# Pittsburgh Welcomes Uber’s Testing of Self-Driving Cars



## Allegro Acura (Aug 29, 2016)

"It's not our role to throw up regulations or limit companies like Uber," said Bill Peduto, Pittsburgh's mayor, who said that Uber planned to use about 100 modified Volvo sport utility vehicles for the passenger trials. The vehicles will also have a human monitor behind the wheel. "You can either put up red tape or roll out the red carpet. If you want to be a 21st-century laboratory for technology, you put out the carpet."

MORE: http://www.nytimes.com/2016/09/11/t...column-region&region=top-news&WT.nav=top-news









Uber cars prepare to roll through Pittsburgh to map out the roads and topography before the introduction of the company's driverless vehicles. CreditJeff Swensen for The New York Time


----------



## Cole Hann (Aug 22, 2016)

The Burgh has a challenging terrain for driving anything. Odd-angled streets, hills that leave one in a space launch orientation while waiting at a light, narrow streets with vehicles parked on both sides. If self-driving cars can make it there they will be good to go in DC, LA & NYC


----------



## Jermin8r89 (Mar 10, 2016)

Id rather have the new sexxie delorean.


----------



## uberdriverfornow (Jan 10, 2016)

Allegro Acura said:


> "*It's not our role to throw up regulations or limit companies like Uber,"* said Bill Peduto, Pittsburgh's mayor, who said that Uber planned to use about 100 modified Volvo sport utility vehicles for the passenger trials. The vehicles will also have a human monitor behind the wheel. "You can either put up red tape or roll out the red carpet. *If you want to be a 21st-century laboratory for technology, you put out the carpet*."

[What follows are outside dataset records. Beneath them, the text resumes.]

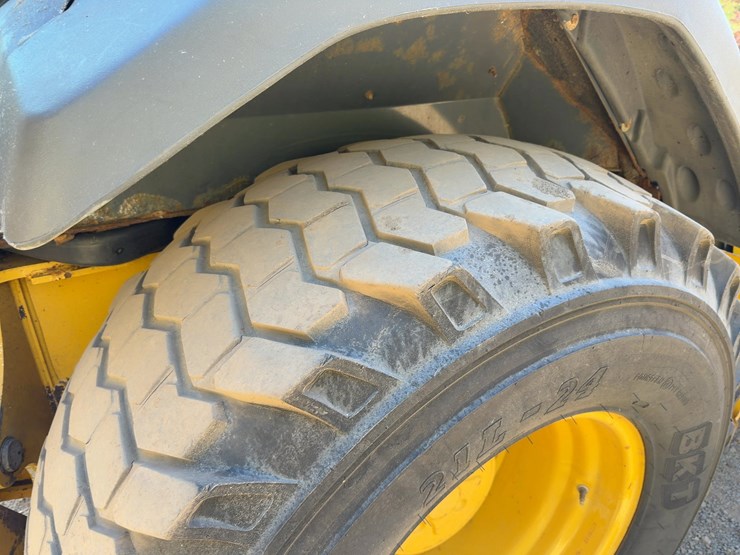 2011-deere-410j-image-14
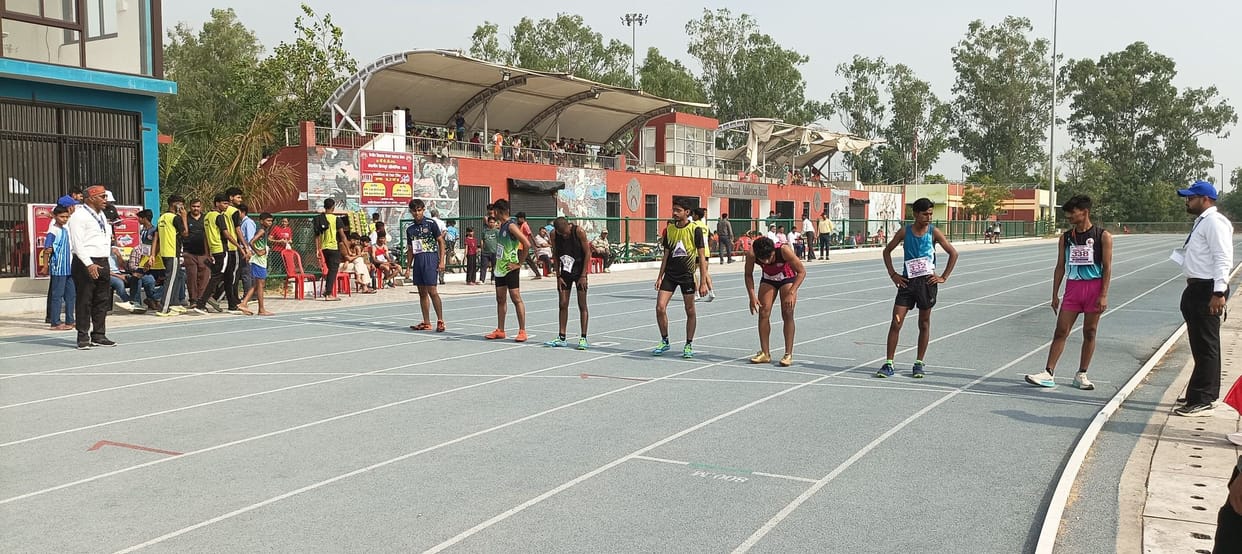 Players showed their strength, Sanskar first in 400 meter race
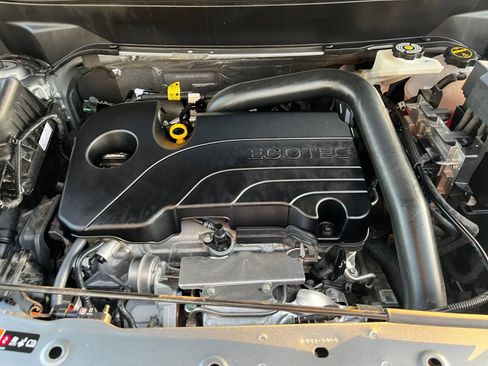 Used 2025 Chevrolet Equinox LT image 32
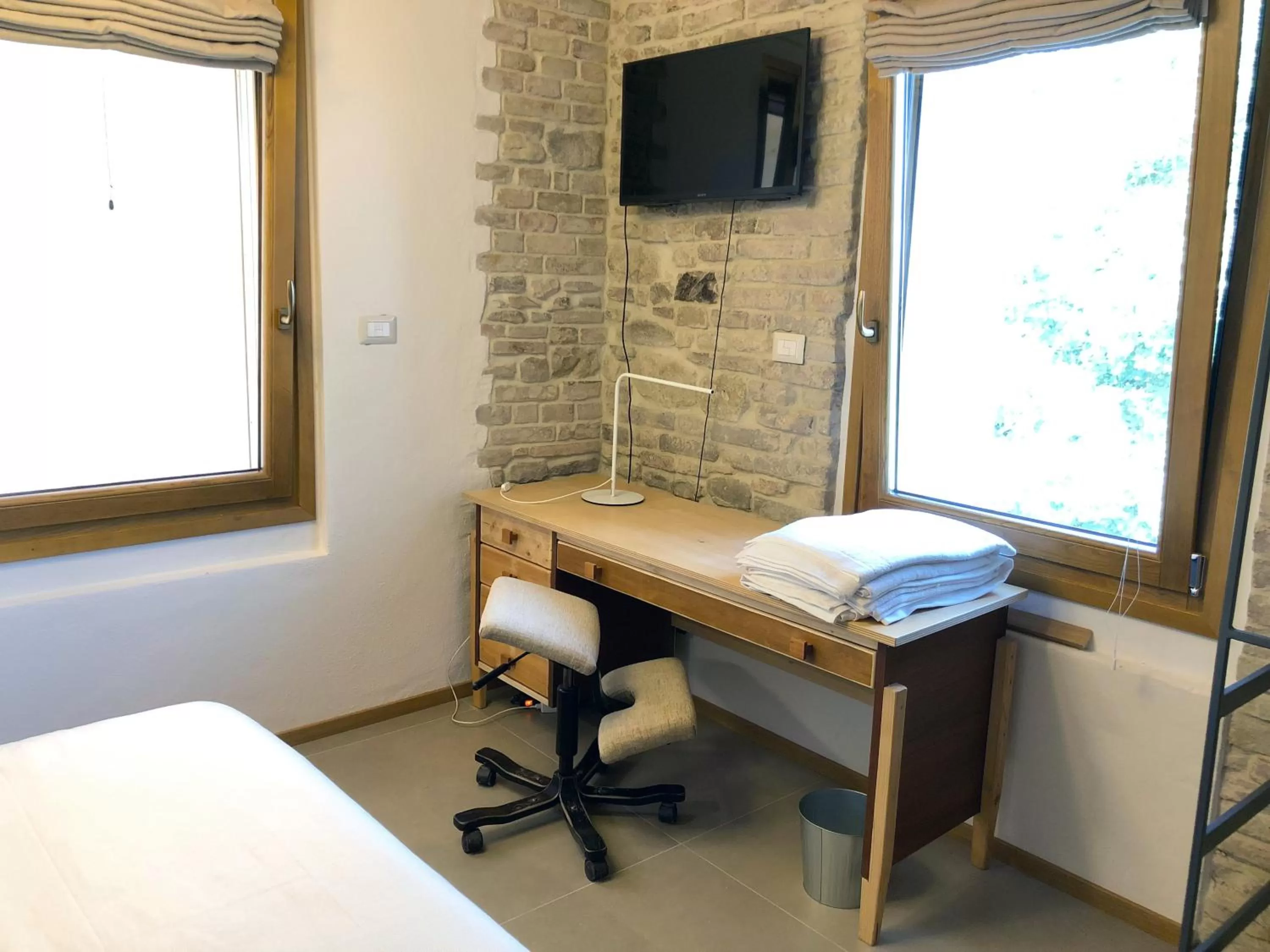 Photo of the whole room, TV/Entertainment Center in Dai Ventu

Yeah, who cares about silly things like humans dying when the car that has no driver in it malfunctions for whatever reason. This is the 21st century.


----------



## uberdriverfornow (Jan 10, 2016)

Unfortunately it's going to take a lot more deaths to shut these cars down for good.


----------



## Kalee (Feb 18, 2015)

I would be willing to bet that when Mr Mayor rolled out the red carpet with his right palm that his left palm rolled out in tandem to receive his payoff.


----------



## Hershal Bernardi (Jul 17, 2016)

Kalee said:


> I would be willing to bet that when Mr Mayor rolled out the red carpet with his right palm that his left palm rolled out in tandem to receive his payoff.


and the supreme ruled it's Legal

In _Citizens United v. Federal Election Commission_, on Jan, 2010, the US Supreme Court ruled that corporations and unions can not constitutionally be prohibited from promoting the election of one candidate over another candidate.


----------